I’ve made a few hot pots and the most labor-intensive part is all the chopping. Once that’s complete, the actual cooking itself is easy and quick. Before you know it, dinner is served!
Many regions of Japan have different types of broth and ingredients that are signature for their area. In Hokkaido, their Ishikari nabé has a rich miso and dashi broth with potatoes, Napa cabbage, tofu, negi (a thick green onion), enoki mushrooms, and salmon. Tonyu nabé has a chicken stock and soy milk base that is much loved by people looking for something really different.
But the most popular version of nabé is Chanko nabé, the biggest hot pot soup eaten by sumo wrestlers to aid in their weight gain. Chanko nabé is absolutely bursting with ingredients! Chicken, beef, seafood, tons of vegetables, and a savory broth. It’ll make you full in no time flat. Restaurants across the country specialize in sumo-themed Chanko nabé, with tiny sumo ring mockups in the middle of the dining area. They look like fun!

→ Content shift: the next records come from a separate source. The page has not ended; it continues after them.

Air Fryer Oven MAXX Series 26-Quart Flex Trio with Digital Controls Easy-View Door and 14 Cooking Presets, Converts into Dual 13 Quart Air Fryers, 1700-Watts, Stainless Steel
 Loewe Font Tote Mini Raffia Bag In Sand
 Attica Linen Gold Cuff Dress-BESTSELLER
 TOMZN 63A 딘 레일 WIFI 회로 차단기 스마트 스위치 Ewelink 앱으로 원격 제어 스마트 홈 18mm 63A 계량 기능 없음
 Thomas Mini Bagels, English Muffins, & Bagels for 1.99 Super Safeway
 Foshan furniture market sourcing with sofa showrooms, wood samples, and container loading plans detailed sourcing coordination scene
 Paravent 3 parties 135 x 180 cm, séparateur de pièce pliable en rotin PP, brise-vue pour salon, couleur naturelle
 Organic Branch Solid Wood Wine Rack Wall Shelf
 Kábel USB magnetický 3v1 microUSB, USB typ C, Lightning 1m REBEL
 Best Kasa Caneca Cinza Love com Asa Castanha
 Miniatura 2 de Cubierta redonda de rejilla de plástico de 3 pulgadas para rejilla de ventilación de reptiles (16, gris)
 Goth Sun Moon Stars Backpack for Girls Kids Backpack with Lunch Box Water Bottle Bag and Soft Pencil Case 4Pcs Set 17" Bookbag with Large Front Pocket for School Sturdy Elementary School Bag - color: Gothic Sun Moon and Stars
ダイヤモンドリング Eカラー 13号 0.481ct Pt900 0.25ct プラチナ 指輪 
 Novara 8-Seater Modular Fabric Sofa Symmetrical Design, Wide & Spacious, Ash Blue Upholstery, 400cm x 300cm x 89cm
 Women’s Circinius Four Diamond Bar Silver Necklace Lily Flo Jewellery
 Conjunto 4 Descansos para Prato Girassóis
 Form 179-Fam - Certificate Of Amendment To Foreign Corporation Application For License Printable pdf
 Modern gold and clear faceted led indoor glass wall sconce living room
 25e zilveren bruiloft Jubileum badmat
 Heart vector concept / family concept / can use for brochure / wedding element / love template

Nabé has a long rich history in Japan, harking back to a time when homes were heated by a fire pit in the center of the house. It was a good place to hang a stone or clay pot and keep food bubbling away all day. Nowadays, portable gas burners are a popular sight in both homes and restaurants. They sit in the middle of the table, with the nabé cooking on it, and people grab ingredients from the central pot with their chopsticks to their own bowls. Because everyone is using their own chopsticks to grab ingredients, nabé is usually enjoyed with good friends and family, people you like and trust. It can be a great way to spend an evening along with a cold beer or some saké! Give it a shot sometime soon!